**Problem statement:** Your copy of the entries below should hold exactly the lines from the one containing "Colleenblake" to the one containing "Inteligencia Artificial: Las", inclusive, and no pictures.

**Exercise data:**

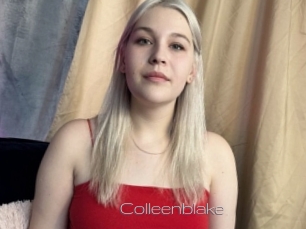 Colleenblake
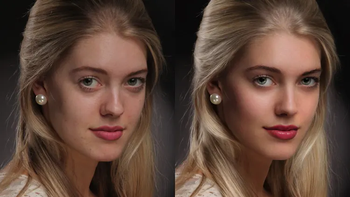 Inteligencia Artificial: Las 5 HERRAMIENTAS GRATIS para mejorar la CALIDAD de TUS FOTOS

==

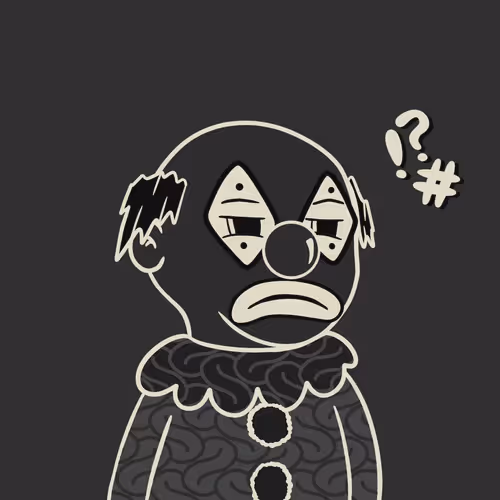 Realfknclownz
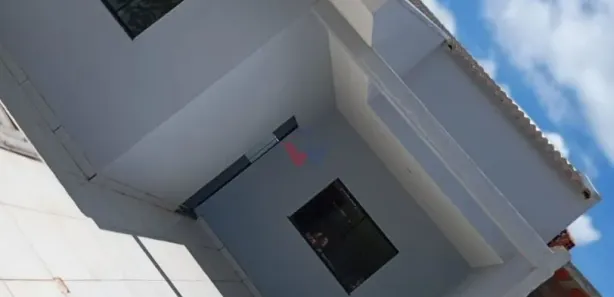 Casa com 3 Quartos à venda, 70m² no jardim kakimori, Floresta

**Written reply:**
 Colleenblake
 Inteligencia Artificial: Las 5 HERRAMIENTAS GRATIS para mejorar la CALIDAD de TUS FOTOS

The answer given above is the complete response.